Quantitative information, in the form of retinal thickness maps from optical coherence tomography (OCT), has become a critical element in the care of patients with retinal disease, including age-related macular degeneration (AMD). This is evidenced by more than 50 peer-reviewed articles published in the past 2 years describing OCT numerical information in patients receiving antivascular endothelial growth factor (anti-VEGF) treatment for neovascular AMD. In addition, these quantitative data have now become an important element in determining eligibility and making retreatment decisions in clinical trials.1
As further evidence of our increasing reliance on OCT retinal thickness maps, we have confirmed during informal surveys that many surgeons are using only a single printout containing the OCT map and a single OCT B-scan when assessing therapeutic efficacy among their patients.
OCT ACCURACY
The accuracy of these thickness maps, however, depends on an exact identification of the inner and outer retinal boundaries—currently performed automatically by the Stratus OCT (Carl Zeiss Meditec AG, Jena, Germany).
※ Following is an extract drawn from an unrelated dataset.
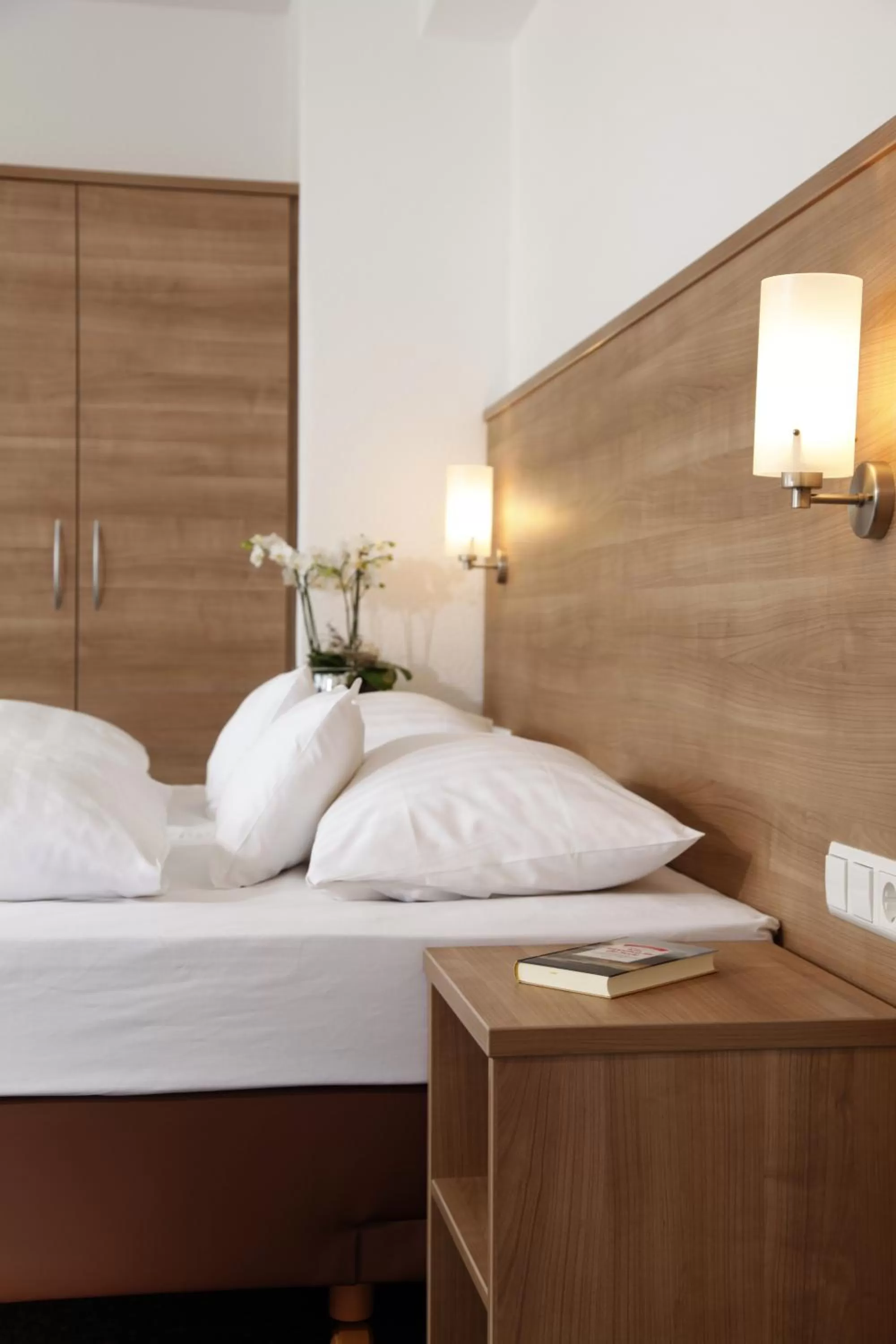 Decorative detail, Bed in Hotel Warteck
When we examined this more closely, however, we found that boundary detection errors are quite frequent. In fact, in a study of 200 consecutive cases with OCT imaging for retinal disease, we found that >90% had some error and 33% had moderate-to-severe errors. It should be noted that the most severe and common errors were often found in patients diagnosed with choroidal neovascularization (CNV).
We also found that even when the Stratus OCT algorithms work as they should, the retina and subretinal fluid are lumped together in the thickness maps. Thus, even in the best-case scenario, the true retinal thickness is not quantified, and pigment epithelial attachments are ignored.
MANUAL ASSESSMENT
Because accurately assessing all of these different components is nearly impossible with current software algorithms, we have resorted to performing manual identification of the retinal boundaries using trained graders at the Doheny Image Reading Center (Los Angeles). The manual grading software (termed OCTOR) is also available online (www.driamd.org). OCTOR offers the ability to perform a detailed subanalysis and quantification of relevant OCT features and correction for Stratus OCT errors. Relevant OCT features include the true retinal thickness, retina cysts, subretinal fluid and tissue, and retinal pigment epithelium (RPE) elevations (Figure 1).
OCTANE (OCT Analysis Engine), a new software algorithm being developed by Dr. Alex Walsh and colleagues at the Doheny Eye Institute may provide an avenue for automated subanalysis and quantification. This algorithm still needs to be validated in prospective clinical trials, however. Accurate automated algorithms will be crucial in the upcoming era of spectral-domain OCT, where large data sets will be impractical for manual grading approaches.
Regardless of whether subanalysis and quantification is done manually (OCTOR) or automatically (OCTANE), the basic concept is the same (Figure 2). The boundary lines are identified on each of the six radial line scans, including the inner and outer retinal boundary, the subretinal tissue boundaries, the inner RPE boundary, and the estimated original location of the RPE (in cases with pigment epithelial detachments [PEDs]). This approach allows the surgeon to generate separate thickness—or better yet volume—maps of the various spaces and compartments on OCT such as the neurosensory retina, subretinal fluid, subretinal tissue, and pigment epithelial attachment. These various compartments can also be combined providing an overall parameter of total exudation in the eye. In addition, in intergrader reproducibility studies, we have shown that this type of grading can be performed in a highly reproducible fashion. The real question, however, is: Is this OCT subanalysis actually useful in evaluating our patients, and in particular studying the response to anti-VEGF therapies?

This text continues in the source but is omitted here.